31 Days of Horror: Day 10-- Booklist Guest Post by Bill Ott

Today's Booklister guest post is by Bill Ott:
Editor & Publisher, has been at for 30 years. In addition to his various management duties, he continues to edit the crime fiction section of the magazine and delights in discovering new hard-boiled writers, particularly those who set their stories in Europe and Asia (where is more than mere window dressing). To get away from books, he attempts to play golf.
My Kind of Scary
By Bill Ott

Let’s get a couple of things straight: I’m no Dan Kraus. The really scary stuff in true horror fiction is too much for me. Reading Dan’s marvelous horror novels, Rotters and Scowler, I’m amazed at his talent but so creeped out that I have to skip whole chunks of the story. Sorry. Just can’t do it. When I attended Dan’s reading of Rotters at a bookstore appropriately called “Buckets of Blood,” I was proud of myself for remaining upright (unlike one of my colleagues, who was reduced to swaying back and forth on her haunches—there were no chairs in the room—as Dan gleefully read about rats scampering about in open graves). It started early for me. In grade school at Saturday matinees, sitting in the balcony while my buddies threw popcorn at the creature from the black lagoon, I demurely—and subtly, so they wouldn’t notice—closed my eyes.

I’m not a complete wimp, however. I can take the kind of violence, even the occasional bucket of blood, which one encounters in thrillers and in hard-boiled and noir fiction. Philip Marlowe, after all, never had to deal with giant rodents. So when I think of my favorite scary books, I move out of the horror genre altogether. But that’s not to say Chelsea Cain is for the timid.

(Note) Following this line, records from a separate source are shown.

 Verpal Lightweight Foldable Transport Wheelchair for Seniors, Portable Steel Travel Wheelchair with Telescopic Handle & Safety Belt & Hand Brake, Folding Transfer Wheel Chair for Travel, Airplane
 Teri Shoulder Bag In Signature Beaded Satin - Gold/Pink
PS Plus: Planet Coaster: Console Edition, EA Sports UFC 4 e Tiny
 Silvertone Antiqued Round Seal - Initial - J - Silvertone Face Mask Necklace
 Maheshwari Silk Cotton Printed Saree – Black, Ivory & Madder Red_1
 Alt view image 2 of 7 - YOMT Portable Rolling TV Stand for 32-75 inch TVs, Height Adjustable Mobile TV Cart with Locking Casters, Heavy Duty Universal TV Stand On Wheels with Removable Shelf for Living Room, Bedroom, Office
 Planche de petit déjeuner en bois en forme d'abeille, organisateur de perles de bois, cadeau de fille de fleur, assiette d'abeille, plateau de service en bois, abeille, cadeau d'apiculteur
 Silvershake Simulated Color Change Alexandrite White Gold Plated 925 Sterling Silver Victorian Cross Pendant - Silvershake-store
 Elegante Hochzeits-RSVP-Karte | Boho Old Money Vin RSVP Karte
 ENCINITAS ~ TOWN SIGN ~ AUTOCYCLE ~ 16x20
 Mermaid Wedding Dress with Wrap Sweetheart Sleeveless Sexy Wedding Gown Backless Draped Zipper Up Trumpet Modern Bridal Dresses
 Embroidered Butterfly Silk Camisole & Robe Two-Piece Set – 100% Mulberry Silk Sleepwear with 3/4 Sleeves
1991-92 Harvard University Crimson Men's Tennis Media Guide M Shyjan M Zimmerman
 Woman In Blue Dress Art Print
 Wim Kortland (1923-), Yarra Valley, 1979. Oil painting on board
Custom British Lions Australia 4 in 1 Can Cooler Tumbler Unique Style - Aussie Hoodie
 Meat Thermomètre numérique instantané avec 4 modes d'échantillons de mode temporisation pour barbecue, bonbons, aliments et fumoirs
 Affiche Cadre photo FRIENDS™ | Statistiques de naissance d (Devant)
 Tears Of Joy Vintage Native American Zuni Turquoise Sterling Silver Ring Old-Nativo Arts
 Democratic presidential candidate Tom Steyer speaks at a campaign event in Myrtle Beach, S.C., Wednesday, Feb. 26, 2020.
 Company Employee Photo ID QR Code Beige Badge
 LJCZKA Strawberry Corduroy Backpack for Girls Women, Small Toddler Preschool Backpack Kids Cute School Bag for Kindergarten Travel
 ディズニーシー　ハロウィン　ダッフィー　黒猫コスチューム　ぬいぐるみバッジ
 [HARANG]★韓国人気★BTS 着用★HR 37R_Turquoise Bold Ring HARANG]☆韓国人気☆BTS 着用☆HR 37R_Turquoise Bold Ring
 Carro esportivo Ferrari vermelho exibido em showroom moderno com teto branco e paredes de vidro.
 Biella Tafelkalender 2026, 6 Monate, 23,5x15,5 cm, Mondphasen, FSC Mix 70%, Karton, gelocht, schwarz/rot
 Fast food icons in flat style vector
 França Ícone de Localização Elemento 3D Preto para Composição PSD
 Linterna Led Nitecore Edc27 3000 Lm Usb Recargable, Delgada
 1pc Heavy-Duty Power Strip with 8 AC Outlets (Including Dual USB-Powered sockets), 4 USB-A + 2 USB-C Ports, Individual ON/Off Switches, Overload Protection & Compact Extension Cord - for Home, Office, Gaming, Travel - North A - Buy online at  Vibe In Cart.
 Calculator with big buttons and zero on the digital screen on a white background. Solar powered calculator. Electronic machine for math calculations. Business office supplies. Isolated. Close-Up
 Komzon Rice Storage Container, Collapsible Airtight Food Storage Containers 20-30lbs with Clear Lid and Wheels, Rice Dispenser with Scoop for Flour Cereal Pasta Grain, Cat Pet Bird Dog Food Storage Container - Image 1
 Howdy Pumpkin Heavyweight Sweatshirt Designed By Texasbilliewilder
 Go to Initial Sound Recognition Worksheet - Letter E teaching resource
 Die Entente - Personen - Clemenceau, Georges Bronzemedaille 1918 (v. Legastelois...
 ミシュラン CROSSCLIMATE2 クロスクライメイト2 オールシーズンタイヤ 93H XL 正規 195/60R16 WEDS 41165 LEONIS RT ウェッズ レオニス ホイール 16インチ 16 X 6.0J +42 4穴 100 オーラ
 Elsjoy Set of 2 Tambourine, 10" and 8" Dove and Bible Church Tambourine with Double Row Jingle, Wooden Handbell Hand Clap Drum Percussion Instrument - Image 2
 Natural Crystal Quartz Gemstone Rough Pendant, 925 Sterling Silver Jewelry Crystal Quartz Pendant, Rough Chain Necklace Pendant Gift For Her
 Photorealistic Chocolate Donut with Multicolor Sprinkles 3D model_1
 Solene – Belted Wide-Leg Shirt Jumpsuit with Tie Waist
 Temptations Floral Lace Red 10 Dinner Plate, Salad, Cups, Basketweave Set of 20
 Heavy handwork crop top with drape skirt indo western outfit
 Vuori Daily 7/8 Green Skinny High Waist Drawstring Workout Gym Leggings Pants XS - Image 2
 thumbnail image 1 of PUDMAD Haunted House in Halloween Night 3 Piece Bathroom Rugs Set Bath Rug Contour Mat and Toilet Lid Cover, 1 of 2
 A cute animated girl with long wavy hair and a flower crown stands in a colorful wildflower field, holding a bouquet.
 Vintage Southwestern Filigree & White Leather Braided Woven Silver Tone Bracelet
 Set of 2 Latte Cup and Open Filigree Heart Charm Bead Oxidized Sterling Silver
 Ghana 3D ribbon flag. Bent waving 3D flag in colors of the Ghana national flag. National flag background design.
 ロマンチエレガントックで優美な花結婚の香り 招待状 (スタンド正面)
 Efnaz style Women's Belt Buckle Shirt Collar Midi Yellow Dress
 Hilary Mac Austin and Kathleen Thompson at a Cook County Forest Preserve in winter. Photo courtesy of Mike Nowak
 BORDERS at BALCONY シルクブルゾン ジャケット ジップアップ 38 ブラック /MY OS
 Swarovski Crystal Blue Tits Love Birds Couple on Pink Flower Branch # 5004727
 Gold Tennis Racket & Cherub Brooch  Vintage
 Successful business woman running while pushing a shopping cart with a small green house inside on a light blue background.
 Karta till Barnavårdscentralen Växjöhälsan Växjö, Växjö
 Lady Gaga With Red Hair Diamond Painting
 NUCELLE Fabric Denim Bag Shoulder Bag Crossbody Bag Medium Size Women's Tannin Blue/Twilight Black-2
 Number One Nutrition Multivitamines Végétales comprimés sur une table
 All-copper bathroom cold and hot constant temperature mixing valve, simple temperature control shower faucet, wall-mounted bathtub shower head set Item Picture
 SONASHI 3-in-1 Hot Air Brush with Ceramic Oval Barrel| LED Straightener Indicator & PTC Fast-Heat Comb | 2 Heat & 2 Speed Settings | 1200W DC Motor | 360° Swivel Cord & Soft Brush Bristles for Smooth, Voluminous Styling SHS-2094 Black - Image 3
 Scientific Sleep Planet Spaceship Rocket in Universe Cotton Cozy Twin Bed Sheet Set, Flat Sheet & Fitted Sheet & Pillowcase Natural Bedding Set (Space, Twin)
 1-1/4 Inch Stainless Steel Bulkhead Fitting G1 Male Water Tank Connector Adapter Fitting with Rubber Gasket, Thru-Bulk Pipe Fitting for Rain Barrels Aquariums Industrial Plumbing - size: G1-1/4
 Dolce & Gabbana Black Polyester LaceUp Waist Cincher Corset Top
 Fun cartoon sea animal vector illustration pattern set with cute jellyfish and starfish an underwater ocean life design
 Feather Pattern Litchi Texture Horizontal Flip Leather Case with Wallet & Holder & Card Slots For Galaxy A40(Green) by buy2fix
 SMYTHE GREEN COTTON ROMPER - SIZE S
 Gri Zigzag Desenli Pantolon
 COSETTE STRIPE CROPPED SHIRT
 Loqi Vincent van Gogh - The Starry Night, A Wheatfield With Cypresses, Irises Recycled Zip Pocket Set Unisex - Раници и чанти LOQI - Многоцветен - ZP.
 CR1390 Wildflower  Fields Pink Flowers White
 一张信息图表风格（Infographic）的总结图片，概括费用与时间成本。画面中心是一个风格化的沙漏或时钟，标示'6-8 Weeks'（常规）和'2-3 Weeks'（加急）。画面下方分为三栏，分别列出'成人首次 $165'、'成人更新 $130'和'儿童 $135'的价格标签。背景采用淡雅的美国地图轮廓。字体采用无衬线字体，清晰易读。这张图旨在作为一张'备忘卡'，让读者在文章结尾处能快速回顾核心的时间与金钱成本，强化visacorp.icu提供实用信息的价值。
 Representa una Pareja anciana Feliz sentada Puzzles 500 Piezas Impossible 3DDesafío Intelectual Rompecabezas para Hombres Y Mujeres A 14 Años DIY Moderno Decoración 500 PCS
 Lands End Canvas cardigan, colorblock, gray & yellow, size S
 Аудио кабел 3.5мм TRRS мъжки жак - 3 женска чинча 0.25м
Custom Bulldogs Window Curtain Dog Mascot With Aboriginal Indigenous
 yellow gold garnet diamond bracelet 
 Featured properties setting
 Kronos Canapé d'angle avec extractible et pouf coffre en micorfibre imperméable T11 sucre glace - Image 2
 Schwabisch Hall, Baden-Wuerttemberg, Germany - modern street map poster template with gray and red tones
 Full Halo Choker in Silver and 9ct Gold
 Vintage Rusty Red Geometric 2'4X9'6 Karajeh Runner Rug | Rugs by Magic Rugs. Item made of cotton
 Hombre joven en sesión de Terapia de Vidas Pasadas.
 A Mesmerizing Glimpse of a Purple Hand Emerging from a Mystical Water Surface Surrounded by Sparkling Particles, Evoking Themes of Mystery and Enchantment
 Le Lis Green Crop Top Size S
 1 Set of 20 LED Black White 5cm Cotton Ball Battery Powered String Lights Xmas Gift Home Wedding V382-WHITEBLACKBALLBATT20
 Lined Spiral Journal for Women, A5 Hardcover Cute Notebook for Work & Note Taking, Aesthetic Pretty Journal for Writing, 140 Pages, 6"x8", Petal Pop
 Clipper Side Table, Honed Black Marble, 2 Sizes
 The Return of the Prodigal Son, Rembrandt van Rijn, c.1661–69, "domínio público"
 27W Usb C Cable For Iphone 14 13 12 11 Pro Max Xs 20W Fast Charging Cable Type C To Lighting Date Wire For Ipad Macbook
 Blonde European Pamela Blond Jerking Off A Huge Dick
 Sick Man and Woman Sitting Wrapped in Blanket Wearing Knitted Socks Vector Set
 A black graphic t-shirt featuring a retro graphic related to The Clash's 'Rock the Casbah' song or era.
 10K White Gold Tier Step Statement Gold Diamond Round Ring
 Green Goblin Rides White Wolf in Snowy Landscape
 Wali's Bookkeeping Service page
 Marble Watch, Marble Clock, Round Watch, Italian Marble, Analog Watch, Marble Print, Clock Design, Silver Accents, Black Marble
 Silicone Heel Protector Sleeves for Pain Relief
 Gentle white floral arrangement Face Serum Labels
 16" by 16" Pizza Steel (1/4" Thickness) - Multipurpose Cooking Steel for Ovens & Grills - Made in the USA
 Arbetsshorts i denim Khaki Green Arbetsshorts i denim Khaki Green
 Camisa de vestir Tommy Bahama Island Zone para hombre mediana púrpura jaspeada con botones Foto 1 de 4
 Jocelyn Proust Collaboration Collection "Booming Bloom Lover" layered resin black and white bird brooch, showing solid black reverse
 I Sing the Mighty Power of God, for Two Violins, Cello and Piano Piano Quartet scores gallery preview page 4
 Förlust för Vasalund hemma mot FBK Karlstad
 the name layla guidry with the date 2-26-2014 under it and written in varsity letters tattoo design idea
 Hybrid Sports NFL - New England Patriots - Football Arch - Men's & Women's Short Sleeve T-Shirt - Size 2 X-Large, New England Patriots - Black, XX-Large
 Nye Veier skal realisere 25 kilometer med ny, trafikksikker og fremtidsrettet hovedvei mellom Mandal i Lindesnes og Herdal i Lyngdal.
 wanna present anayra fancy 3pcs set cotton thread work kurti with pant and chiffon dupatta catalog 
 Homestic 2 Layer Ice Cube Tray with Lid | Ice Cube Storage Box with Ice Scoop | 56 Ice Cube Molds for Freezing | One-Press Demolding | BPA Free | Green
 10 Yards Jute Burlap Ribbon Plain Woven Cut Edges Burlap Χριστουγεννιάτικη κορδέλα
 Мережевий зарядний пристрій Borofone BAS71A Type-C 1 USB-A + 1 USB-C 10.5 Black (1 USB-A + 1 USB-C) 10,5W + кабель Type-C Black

Cain’s bewitching serial killer, Gretchen (“the Beauty Killer”) Lowell, with whom Portland, Oregon, cop Archie Sheridan has danced a perverse pas de deux through five gut-wrenching, incredibly intense novels, simply loves blood. That’s why she has such a fondness for removing spleens (sans anesthetic, of course). Archie, naturally, is spleenless at Gretchen’s hand (she took his spleen, then spared his life), but Archie is only one of several hapless souls (whose lives were not spared) who have felt the sting of Gretchen’s scalpel. And she’s not the only psycho in Portland who finds spleen removal oh-so titillating. In Evil atHeart, the third in the series, a spate of copycats attempts to emulate the Beauty Killer’s surgical brio (their technique, alas, is sadly lacking). But give the copycats credit: one of them is equal at least to Gretchen’s flair for grotesque homicide. Male readers, in particular, don’t want to know by what body part one undeserving victim was suspended (well, I guess parts would be more anatomically correct).

So I hope I’ve at least partially established my bona fides here. No, I can’t take chainsaw massacres (or ravenous rodents), but I’m down with spleen removal, private-part suspension, and a host of other decidedly unpleasant demises. I heartily recommend Chelsea Cain for anyone, like me, who can take violence, even grotesque violence, but needs the insulation of a character-driven, psychologically complex thriller. No, that last sentence is all wrong. It makes me sound like an NPR type who would never read a crime novel (“too formulaic”) but laps up Mystery! on PBS because it’s “literary.” That’s not me, I assure you. What I mean by “insulation” is that I need a little time to settle my stomach between spleens. Cain gives me that because, between the gory outbursts, she probes the delicate psychological underpinnings of her characters as deeply as Gretchen probes our squishy parts.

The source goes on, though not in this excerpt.